Uma decisão da 4ª Câmara de Cível em Curitiba, diz que a Cabify não precisa ter qualquer tipo de sede na capital. A exigência era de uma resolução da Secretaria Municipal de Finanças. A empresa argumentou que a obrigação de ter um escritório em Curitiba é “desarrazoada e exorbitante”, já que não está prevista na lei federal que rege o transporte individual de passageiros.

Este argumento já havia sido acolhido em uma decisão da 1ª Vara de Fazenda Pública, de outubro. Agora a prefeitura recorreu e foi novamente derrotada. Segundo o juiz Hamilton Rafael Marins Schwartz, a exigência “fere o princípio da livre iniciativa e livre concorrência”. Na decisão ele destacou ainda que no transporte privado de passageiros, ao contrário do serviço de táxis, não há participação do poder público, mas “somente do consumidor, transportador e gerenciador do aplicativo tecnológico”. O advogado Fernando Koér, especialista em Direito Administrativo, e professor da Unicuritiba, explica que o decreto municipal não pode prevalecer sobre o que está escrito na lei federal.

A prefeitura afirma que vai recorrer da decisão que liberou a Cabify de ter um escritório em Curitiba. Para rebater o argumento de interferência na livre concorrência, a prefeitura afirma que a ação não interfere na operação da empresa. A Cabify é uma das quatro empresas que estão cadastradas na prefeitura e operam com a autorização municipal.
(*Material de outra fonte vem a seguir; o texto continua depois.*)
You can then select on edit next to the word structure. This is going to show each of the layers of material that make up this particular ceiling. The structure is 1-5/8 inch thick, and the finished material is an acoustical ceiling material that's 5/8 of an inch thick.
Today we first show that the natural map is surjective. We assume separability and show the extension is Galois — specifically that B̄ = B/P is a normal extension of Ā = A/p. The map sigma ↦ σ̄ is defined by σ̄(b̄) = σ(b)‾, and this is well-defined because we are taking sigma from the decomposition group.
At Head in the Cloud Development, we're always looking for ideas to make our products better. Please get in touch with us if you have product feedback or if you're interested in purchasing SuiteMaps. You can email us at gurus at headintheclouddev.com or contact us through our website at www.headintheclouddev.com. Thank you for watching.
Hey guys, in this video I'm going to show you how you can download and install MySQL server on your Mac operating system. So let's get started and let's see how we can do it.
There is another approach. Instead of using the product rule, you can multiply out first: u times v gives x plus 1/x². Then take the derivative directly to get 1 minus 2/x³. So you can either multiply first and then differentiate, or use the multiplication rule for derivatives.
Segundo Fernando Knoér, depois da aprovação da regulamentação federal em Brasília, o decreto municipal será revogado e deve ser atualizado com base nas novas normas.
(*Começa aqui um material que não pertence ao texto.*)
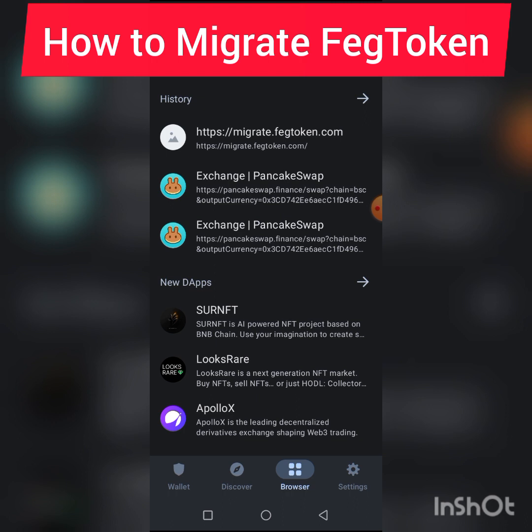Now in this video I want to show you the practical way on how to migrate your fake coin. I did a video yesterday letting you know that I'll be coming to teach you how to migrate your fake token.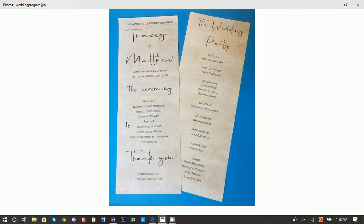All right, thanks so much for joining. So today I'm going to show you how you can create these double-sided wedding programs using nothing but Microsoft Word, a browser, and a printer.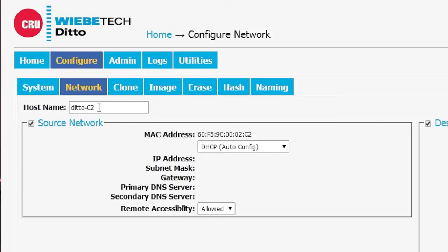Generally speaking, you'll assign a name and keep it there. In this case, once we create the name, it'll appear on the control panel of the Ditto every time you turn it on so you know which unit you're using.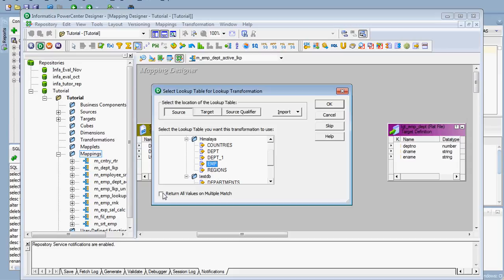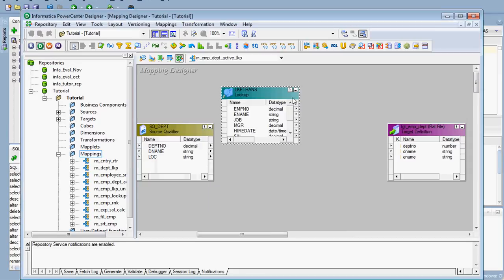In a passive lookup transformation, we just pass the department number and get back the department name, or pass the employee number and get back the employee name. But here we want to get entire employee records for all employees working in a particular department. So when we pass the department number, we get back multiple employee names — it returns multiple values. Make sure that option is checked, then click OK.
A partir da aprovação de alterações do texto original no Senado, o projeto federal voltou agora para a Câmara dos Deputados, onde ainda não há previsão para entrar na pauta. Não está descartada a possibilidade de o tema só ser analisado após as eleições do ano que vem. A decisão depende do presidente da Câmara, Rodrigo Maia, do DEM. Depois que as alterações forem votadas na Câmara, o projeto aprovado vai para sanção ou veto do presidente.